# [Exercise aim]
Look below for the line containing "Nr. 73793 - 25". Output it and each remaining line of the entries exactly, and nothing else.

====

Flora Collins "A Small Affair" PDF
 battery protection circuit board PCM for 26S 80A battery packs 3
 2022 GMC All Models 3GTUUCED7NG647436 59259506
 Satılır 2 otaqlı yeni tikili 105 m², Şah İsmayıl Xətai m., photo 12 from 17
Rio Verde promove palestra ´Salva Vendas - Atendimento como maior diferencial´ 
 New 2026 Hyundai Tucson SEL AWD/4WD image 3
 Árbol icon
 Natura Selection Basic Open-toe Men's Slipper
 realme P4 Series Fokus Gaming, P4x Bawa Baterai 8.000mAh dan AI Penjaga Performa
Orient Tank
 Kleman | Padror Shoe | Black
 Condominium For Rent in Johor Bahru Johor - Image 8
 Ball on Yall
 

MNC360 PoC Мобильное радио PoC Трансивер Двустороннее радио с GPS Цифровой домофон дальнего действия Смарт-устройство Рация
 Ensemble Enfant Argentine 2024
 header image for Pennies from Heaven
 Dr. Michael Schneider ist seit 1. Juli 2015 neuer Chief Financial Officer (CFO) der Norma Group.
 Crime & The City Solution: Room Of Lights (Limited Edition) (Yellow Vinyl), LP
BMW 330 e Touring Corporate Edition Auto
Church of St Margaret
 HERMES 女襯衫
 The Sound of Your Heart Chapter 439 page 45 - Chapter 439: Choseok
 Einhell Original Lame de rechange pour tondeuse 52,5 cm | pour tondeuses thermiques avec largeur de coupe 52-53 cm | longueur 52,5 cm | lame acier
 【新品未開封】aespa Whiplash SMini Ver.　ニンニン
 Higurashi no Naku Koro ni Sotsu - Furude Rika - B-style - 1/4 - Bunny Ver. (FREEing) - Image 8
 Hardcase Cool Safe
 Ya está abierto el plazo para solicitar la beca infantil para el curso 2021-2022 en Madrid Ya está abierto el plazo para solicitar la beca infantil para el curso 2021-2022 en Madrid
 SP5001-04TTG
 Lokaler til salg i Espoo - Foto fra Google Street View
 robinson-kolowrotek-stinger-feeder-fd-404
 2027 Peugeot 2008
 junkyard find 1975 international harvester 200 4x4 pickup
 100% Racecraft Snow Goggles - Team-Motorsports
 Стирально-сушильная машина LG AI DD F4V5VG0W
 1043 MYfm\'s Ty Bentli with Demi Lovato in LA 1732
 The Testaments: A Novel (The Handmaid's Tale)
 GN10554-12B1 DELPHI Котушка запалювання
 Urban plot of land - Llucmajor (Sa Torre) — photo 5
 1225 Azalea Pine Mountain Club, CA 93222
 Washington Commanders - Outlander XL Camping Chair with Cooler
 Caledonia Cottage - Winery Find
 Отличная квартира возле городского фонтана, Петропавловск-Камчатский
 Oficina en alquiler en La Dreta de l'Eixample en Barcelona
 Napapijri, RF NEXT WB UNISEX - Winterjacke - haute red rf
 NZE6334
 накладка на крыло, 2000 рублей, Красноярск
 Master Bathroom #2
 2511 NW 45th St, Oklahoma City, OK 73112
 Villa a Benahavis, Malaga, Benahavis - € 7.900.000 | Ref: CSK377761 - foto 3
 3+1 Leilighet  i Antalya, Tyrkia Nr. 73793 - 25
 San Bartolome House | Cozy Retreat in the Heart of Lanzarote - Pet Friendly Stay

====

# [Response to the task]
 3+1 Leilighet  i Antalya, Tyrkia Nr. 73793 - 25
 San Bartolome House | Cozy Retreat in the Heart of Lanzarote - Pet Friendly Stay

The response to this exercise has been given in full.